Red Hat Bugzilla – Bug 629719
random failures when notifying kernel of changes to partitioned md (isw) device's partition table
Last modified: 2010-09-22 00:09:16 EDT
The following was filed automatically by anaconda:
anaconda 14.15 exception report
Traceback (most recent call first):
File "/usr/lib64/python2.7/site-packages/pyanaconda/storage/formats/__init__.py", line 266, in create
raise FormatCreateError("invalid device specification", self.device)
File "/usr/lib64/python2.7/site-packages/pyanaconda/storage/formats/fs.py", line 849, in create
DeviceFormat.create(self, *args, **kwargs)
File "/usr/lib64/python2.7/site-packages/pyanaconda/storage/deviceaction.py", line 290, in execute
File "/usr/lib64/python2.7/site-packages/pyanaconda/storage/devicetree.py", line 700, in processActions
File "/usr/lib64/python2.7/site-packages/pyanaconda/storage/__init__.py", line 313, in doIt
File "/usr/lib64/python2.7/site-packages/pyanaconda/packages.py", line 109, in turnOnFilesystems
File "/usr/lib64/python2.7/site-packages/pyanaconda/dispatch.py", line 212, in moveStep
rc = stepFunc(self.anaconda)
File "/usr/lib64/python2.7/site-packages/pyanaconda/dispatch.py", line 131, in gotoNext
File "/usr/lib64/python2.7/site-packages/pyanaconda/gui.py", line 1174, in nextClicked
FormatCreateError: ('invalid device specification', '/dev/md127p3')
Created an attachment (id=442710)
Attached traceback automatically from anaconda.

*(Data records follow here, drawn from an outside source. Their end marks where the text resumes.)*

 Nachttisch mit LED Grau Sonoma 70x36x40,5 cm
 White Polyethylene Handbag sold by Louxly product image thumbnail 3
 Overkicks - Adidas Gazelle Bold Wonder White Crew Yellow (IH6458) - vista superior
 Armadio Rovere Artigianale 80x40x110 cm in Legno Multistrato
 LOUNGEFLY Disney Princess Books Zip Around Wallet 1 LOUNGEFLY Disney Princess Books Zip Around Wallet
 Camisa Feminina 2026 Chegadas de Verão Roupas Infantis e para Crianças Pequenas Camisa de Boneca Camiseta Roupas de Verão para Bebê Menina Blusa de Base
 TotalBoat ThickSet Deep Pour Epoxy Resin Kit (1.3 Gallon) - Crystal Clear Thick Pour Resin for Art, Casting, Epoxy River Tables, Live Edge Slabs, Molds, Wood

I'm not sure I can reproduce this. I just tried and noticed /dev/md127p3 was of type 'unknown'. So I'm not sure if it was left like that by the previous installation (which generated the traceback above) or the installation before that (which ended in a traceback caused with the iscsi target).
I now deleted all linux partitions and will see whether I can reproduce this with no unknown-type partitions :)
*** Bug 629730 has been marked as a duplicate of this bug. ***
I first tried deleting the unknown-type partition within anaconda with fdisk and then just continuing - this led to the same error and I was not sure whether the fdisk-changed were being reflected.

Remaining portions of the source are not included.